Very kind of you, Adrian, to characterise my analysis as you do, but I can't live up to it here because I've never spent much time in the poetic company of Mr Cummings.


It's not, as you might imagine, because I'm irritated by the deviation from grammatical accuracy, though. Poetry is always about breaking rules in order to create meaning and all poetry, in a way, defines itself by the manner in which it conflicts with the expected. Even the most conventional of poems deviates from the normal use of language through the artificial structures of rhythm, line arrangement and so on.


Cummings isn't simply being gimmicky, either, because there's a consisitent rationale behind what he does and a valid exploration of the power to create meaning through his breaks from the conventions of punctuation, syntax, capitalisation etc..

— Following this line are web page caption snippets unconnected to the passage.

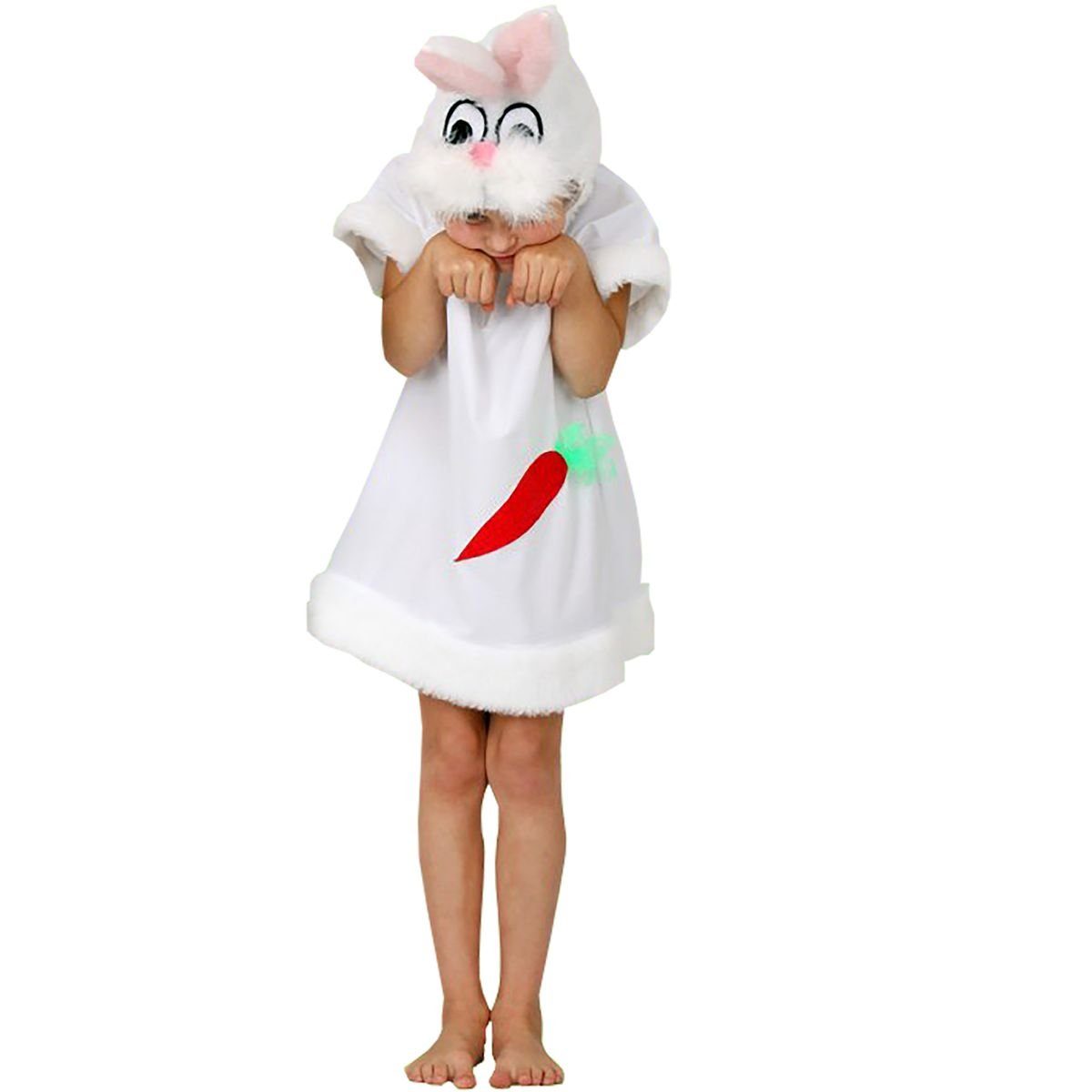 Lipta TDP Kostüm Hase - Kleid für Kinder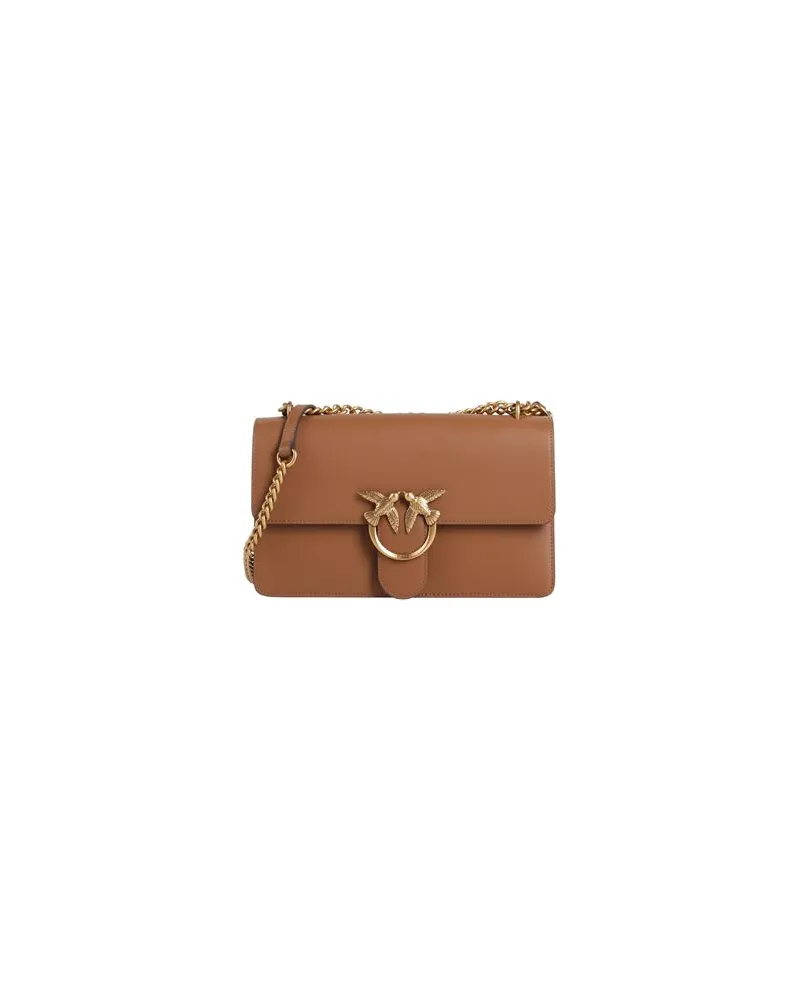 Pinko TASCHEN - Umhängetascheauf YOOX.COM Braun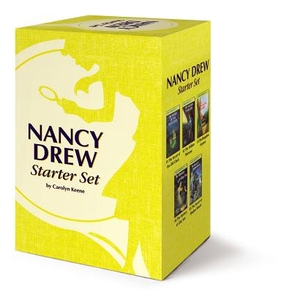 预订 南希·德鲁入门套装 悬疑侦探故事 南茜·朱尔探案系列 英文 Nancy Drew Starter Set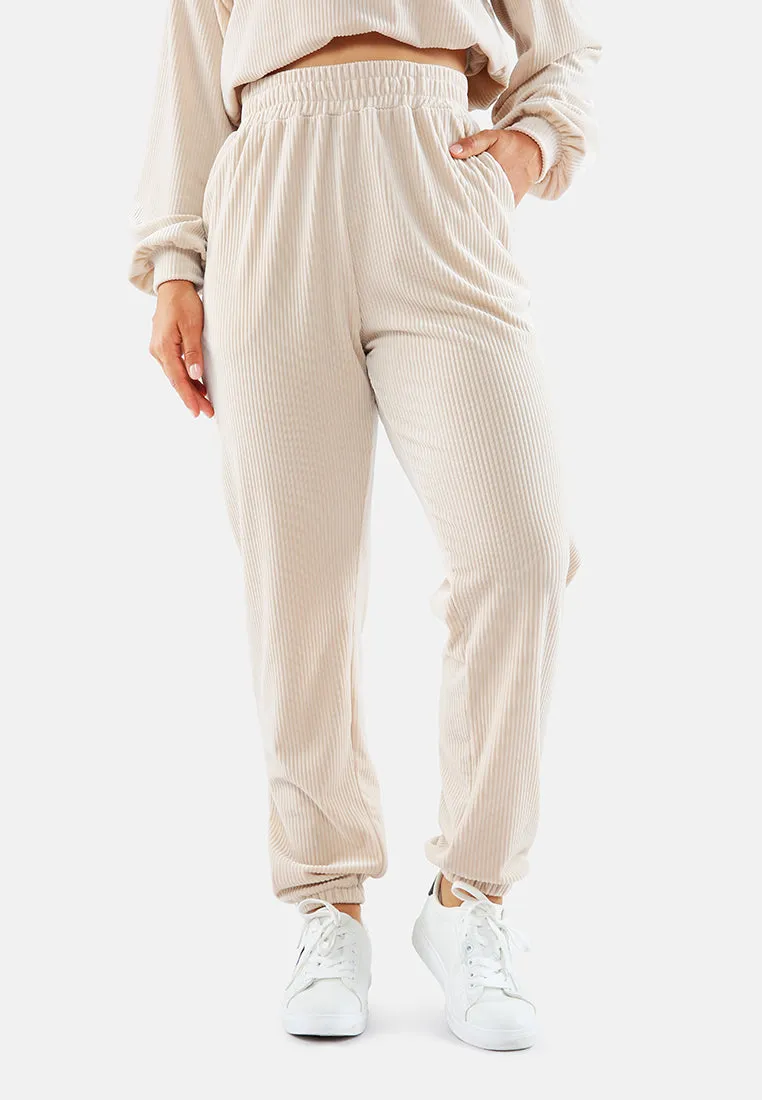 Loungewear Corduroy Pants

It's just that it doesn't really do a lot for me! It's possible that I simply haven't looked at enough of his work, but I find the self-conscious form rather distracting from an organic sense of depth, as if it almost trivialises the meaning. Also the subject matter, ironically, is often a bit too 'prosaic'. I suspect that's his point because it creates a clear juxtaposition with his anti-artful art!


I guess I simply prefer poetry that plays with meaning fundamentally through words rather than the technicalities of expression. What he does is perfectly valid, but it sinks rather than floats my particular poetic boat.